Wednesday 17 April 2019

passionate elementals: Maundy Thursday: Perfume


Nothing is more memorable than a smell. One scent can be unexpected, momentary and fleeting, yet conjure up a childhood summer beside a lake in the mountains; another, a moonlit beach; a third, a family dinner of pot roast and sweet potatoes during a myrtle-mad August in a Midwestern town. Smells detonate softly in our memory like poignant land mines hidden under the weedy mass of years. Hit a tripwire of smell and memories explode all at once. A complex vision leaps out of the undergrowth.
Diane Ackerman


The crush of sweating, dusty travellers searching out their Passover accommodation; sweet grassy animal dung littering the roadways, steaming in piles in the sunshine.

Guests jam-packed elbow to well-dressed-now-dishevelled-elbow, at an invitation-only supper, garlic and cinnamon rising up into the warm air circulating above empty platters;  guests staring open mouthed, startled at the noise the sealed alabaster jar makes as it shatters, as liquid spills forth, as the musk of spikenard reaches their corner; guests craning their necks to see the travesty of this too-brazen woman, this too-public display of too-much affection; gossip-monger guests relishing every moan this would-be-Messiah makes as his muscles ease under her touch: her scent, the scent of the Himalayas, slowly becoming his.  She is ‘Beloved’; he is hers.

Bursting out into the warm evening, wanting to find a quiet place, he comes to the place they call Gethsamene, where the sweet olive oil is pressed, where the ripeness of that day’s flowing green juice still lingers, the oil with which he could anoint each bowed head as they join with him in prayer, watching the city calm, as the warmth finally seeps out of the day, replaced by the bitter chill of dead of night.

The metallic tang of blood falling on the floor of the chalky limestone quarry mingles with rough rushed red wine laced with bitter yellow myrrh, designed to numb, not awaken, his senses; but he refuses to drink; through the excruciation of each pain he smells instead her spikenard still on his skin, and he knows there is at least one here who tried to heal him.

When last breath escapes, the rich man brings armfuls of myrrh and aloes, so much more than is usually needed, but these oils will be smoothed over lacerations and cuts, working as antiseptics on those hideous wounds that may yet miraculously knit together; the rich man tries to remember his scriptures as he works, tries to recall the tone of voice the Teacher had used to explain them: could it really be possible that this broken body might yet live?

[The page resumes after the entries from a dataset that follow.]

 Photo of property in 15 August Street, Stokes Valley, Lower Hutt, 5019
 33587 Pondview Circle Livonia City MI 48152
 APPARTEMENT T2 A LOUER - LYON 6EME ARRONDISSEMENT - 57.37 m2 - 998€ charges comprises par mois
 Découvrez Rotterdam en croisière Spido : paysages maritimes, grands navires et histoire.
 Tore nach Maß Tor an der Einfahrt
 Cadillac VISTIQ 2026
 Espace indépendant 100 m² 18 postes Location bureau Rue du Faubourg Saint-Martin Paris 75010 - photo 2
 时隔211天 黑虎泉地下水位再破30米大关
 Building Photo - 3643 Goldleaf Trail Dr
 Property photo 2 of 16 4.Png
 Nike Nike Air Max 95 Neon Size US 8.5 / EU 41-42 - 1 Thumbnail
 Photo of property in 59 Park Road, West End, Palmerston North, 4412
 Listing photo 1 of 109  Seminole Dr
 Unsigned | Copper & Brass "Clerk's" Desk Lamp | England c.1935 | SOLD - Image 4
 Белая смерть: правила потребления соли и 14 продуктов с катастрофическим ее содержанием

The ‘Marys’ do not quite trust the rich man has done a good enough job, that the body of the man they loved is as well wrapped against putrefaction as possible, so they bring their jars and baskets, spices from Arabia, from Egypt, from the deserts of Palestine.  When the women come to a shocked standstill before a gaping tomb, how many of these precious powders are dropped the ground, oils spilling freely again, soaking this earth with rich mixtures from the Orient, dripping from their hands, smearing onto their dresses, as they turn and race to tell the news?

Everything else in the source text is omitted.